WHAT IS BEING ASKED:
Repeat only the stretch of lines below that runs from the line with "Стол эргономичный ЛДСП Клен" through the line with "Casa de condomínio", unaltered.

GIVEN DATA:
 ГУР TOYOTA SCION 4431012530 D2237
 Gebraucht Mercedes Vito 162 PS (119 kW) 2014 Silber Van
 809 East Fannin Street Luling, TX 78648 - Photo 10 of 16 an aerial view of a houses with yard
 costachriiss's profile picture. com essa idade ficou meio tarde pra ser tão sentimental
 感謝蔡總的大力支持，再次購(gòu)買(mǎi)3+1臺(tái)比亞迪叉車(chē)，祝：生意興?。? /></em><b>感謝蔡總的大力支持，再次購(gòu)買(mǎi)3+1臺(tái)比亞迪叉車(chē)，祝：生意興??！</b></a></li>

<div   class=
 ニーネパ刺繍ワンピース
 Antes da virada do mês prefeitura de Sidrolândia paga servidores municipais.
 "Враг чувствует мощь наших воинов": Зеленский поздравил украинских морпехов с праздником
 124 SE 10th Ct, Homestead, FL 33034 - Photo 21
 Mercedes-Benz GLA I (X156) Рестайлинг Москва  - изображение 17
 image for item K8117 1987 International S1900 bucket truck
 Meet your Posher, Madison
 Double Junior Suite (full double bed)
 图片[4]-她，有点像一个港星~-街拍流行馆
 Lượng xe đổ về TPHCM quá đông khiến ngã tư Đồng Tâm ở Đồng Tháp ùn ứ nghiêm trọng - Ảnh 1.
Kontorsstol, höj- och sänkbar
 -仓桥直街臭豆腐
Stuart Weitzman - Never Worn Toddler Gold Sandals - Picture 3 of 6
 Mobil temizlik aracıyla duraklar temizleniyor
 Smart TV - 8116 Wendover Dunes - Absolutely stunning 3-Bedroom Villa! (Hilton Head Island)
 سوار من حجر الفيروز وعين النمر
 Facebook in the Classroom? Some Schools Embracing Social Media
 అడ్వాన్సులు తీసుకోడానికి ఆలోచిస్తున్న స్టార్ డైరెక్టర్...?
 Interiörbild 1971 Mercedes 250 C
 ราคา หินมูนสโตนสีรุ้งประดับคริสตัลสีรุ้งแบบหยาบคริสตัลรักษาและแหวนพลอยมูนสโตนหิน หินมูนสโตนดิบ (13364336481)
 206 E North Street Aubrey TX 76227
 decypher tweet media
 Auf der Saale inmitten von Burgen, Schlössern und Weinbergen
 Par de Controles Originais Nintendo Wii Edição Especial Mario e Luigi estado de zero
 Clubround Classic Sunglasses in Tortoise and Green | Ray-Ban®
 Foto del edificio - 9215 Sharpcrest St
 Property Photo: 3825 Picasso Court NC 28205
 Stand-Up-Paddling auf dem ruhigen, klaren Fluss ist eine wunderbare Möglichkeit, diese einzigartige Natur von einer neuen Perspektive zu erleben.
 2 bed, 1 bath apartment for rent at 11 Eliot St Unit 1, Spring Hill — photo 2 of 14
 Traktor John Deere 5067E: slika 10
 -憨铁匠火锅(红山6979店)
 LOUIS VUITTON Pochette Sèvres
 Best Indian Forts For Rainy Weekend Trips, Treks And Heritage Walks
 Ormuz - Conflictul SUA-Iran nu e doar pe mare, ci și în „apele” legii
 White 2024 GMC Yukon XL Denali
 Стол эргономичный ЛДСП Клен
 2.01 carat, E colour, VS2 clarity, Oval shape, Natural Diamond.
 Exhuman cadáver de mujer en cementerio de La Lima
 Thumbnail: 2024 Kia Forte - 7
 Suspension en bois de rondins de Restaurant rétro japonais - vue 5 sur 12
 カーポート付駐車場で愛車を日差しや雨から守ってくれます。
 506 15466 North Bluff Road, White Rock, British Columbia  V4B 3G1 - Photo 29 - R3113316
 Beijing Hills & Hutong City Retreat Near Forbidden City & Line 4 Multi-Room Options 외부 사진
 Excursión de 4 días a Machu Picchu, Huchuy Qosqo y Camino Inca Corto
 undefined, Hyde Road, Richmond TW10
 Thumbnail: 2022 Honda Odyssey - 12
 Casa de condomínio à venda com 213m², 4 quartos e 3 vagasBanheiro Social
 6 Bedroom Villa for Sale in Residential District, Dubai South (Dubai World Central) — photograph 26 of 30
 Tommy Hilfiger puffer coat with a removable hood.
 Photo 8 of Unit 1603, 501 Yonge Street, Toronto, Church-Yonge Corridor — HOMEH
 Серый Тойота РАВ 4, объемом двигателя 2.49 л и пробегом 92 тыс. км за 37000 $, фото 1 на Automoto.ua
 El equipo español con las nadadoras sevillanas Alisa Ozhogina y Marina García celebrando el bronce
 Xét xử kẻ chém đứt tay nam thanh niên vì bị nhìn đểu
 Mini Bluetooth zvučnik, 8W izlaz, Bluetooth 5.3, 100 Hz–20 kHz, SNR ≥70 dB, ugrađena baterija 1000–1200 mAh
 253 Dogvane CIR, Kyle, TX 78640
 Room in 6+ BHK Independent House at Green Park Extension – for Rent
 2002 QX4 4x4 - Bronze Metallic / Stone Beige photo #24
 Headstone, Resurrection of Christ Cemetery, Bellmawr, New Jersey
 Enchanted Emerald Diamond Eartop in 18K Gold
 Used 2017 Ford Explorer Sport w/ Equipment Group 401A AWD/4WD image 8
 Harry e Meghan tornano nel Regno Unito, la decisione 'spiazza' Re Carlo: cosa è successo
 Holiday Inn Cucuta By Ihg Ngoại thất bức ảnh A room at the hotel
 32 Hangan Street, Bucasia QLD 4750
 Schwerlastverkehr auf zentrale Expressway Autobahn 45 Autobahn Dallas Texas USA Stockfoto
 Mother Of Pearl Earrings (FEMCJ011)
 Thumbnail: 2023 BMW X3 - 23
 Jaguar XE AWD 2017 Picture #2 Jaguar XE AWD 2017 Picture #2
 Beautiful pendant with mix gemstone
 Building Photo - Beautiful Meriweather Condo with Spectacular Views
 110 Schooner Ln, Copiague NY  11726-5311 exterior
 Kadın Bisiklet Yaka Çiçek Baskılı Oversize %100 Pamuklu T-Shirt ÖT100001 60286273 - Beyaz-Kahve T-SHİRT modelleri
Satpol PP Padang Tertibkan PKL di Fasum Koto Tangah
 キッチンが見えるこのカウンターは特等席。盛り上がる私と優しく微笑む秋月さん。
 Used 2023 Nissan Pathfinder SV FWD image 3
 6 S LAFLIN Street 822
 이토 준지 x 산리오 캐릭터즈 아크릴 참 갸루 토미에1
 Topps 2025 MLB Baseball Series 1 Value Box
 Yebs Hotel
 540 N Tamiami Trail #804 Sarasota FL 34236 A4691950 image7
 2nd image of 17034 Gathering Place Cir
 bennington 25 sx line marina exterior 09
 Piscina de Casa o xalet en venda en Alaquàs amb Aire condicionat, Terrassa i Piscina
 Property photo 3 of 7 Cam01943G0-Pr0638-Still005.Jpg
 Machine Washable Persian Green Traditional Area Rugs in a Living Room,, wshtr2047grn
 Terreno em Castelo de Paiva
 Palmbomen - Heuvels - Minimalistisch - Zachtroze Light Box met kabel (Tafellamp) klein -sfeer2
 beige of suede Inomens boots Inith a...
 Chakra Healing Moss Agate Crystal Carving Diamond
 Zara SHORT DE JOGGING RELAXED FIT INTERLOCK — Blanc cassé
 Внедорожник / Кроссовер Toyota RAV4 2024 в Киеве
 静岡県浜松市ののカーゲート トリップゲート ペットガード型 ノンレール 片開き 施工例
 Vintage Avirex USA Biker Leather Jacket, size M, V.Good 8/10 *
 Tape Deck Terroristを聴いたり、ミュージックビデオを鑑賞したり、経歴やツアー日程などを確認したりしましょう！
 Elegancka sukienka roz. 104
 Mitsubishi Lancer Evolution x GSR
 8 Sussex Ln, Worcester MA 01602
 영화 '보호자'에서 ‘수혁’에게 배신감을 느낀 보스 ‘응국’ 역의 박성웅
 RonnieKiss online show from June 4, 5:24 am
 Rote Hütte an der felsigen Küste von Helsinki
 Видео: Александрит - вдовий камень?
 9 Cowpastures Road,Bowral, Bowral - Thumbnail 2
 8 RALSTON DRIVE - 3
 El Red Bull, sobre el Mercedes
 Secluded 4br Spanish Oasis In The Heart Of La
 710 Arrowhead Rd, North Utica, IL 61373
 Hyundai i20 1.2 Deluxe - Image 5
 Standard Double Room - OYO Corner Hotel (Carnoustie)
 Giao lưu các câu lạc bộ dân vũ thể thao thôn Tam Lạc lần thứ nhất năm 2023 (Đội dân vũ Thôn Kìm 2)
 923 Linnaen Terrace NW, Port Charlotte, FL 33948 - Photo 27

SOLUTION TO THE EXERCISE:
 Стол эргономичный ЛДСП Клен
 2.01 carat, E colour, VS2 clarity, Oval shape, Natural Diamond.
 Exhuman cadáver de mujer en cementerio de La Lima
 Thumbnail: 2024 Kia Forte - 7
 Suspension en bois de rondins de Restaurant rétro japonais - vue 5 sur 12
 カーポート付駐車場で愛車を日差しや雨から守ってくれます。
 506 15466 North Bluff Road, White Rock, British Columbia  V4B 3G1 - Photo 29 - R3113316
 Beijing Hills & Hutong City Retreat Near Forbidden City & Line 4 Multi-Room Options 외부 사진
 Excursión de 4 días a Machu Picchu, Huchuy Qosqo y Camino Inca Corto
 undefined, Hyde Road, Richmond TW10
 Thumbnail: 2022 Honda Odyssey - 12
 Casa de condomínio à venda com 213m², 4 quartos e 3 vagasBanheiro Social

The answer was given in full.